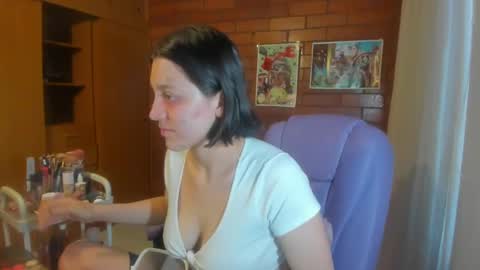 Snapshot of dakotaa_aa chatting on January 31, 6:57 pm The girl of your dreams o online show from January 31, 6:57 pm
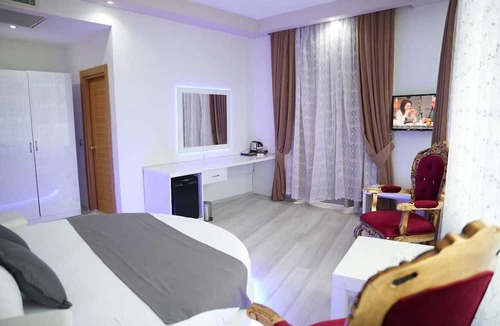 Mezetli Hotel | Mira Blue Hotel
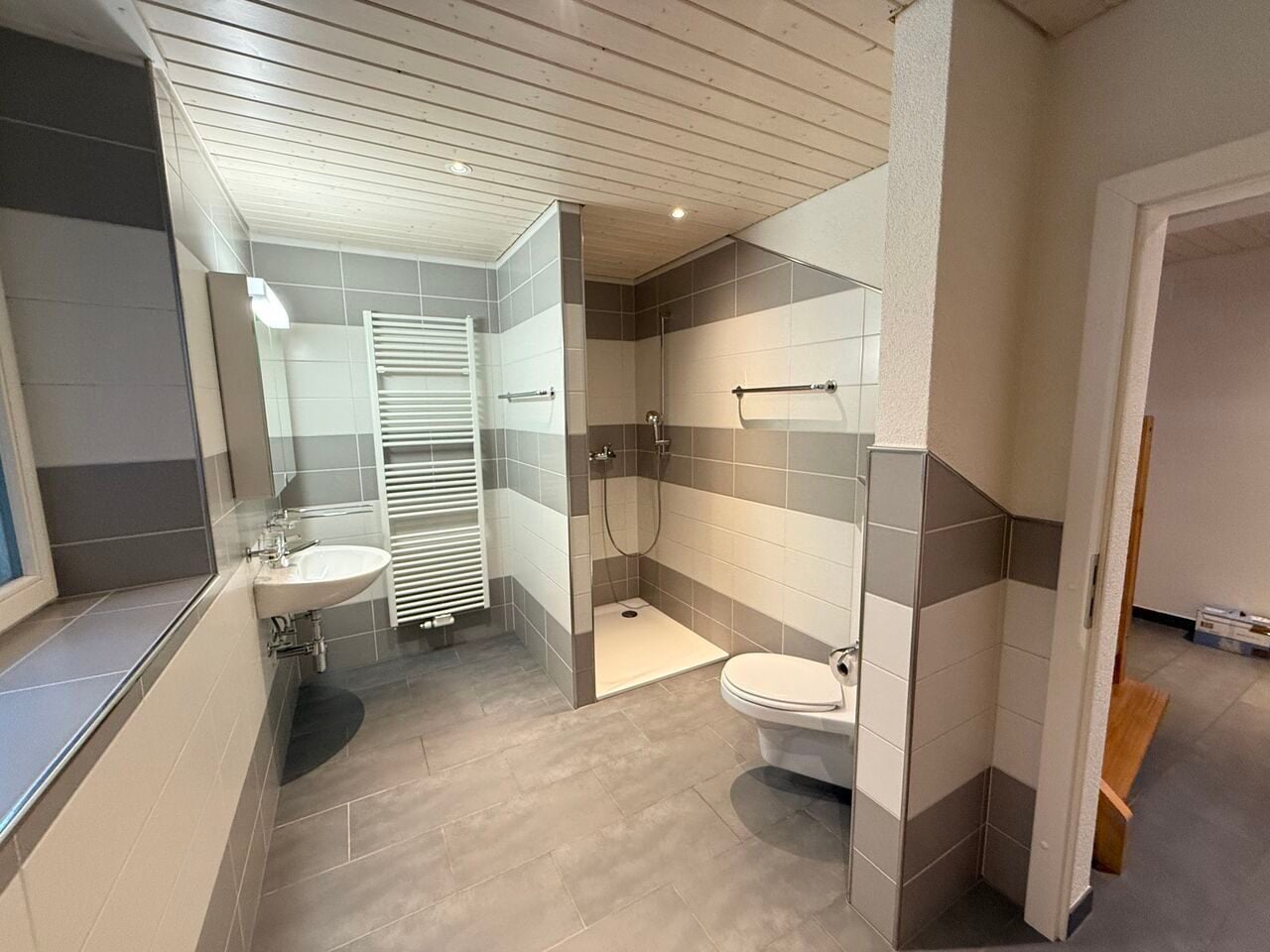 Maison villageoise à vendre comprenant 2 appartements à Charmoille - photo 2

→ Work instruction: The material above is to be output exactly, with each picture left out.

→ Task solution:
 Snapshot of dakotaa_aa chatting on January 31, 6:57 pm The girl of your dreams o online show from January 31, 6:57 pm
 Mezetli Hotel | Mira Blue Hotel
 Maison villageoise à vendre comprenant 2 appartements à Charmoille - photo 2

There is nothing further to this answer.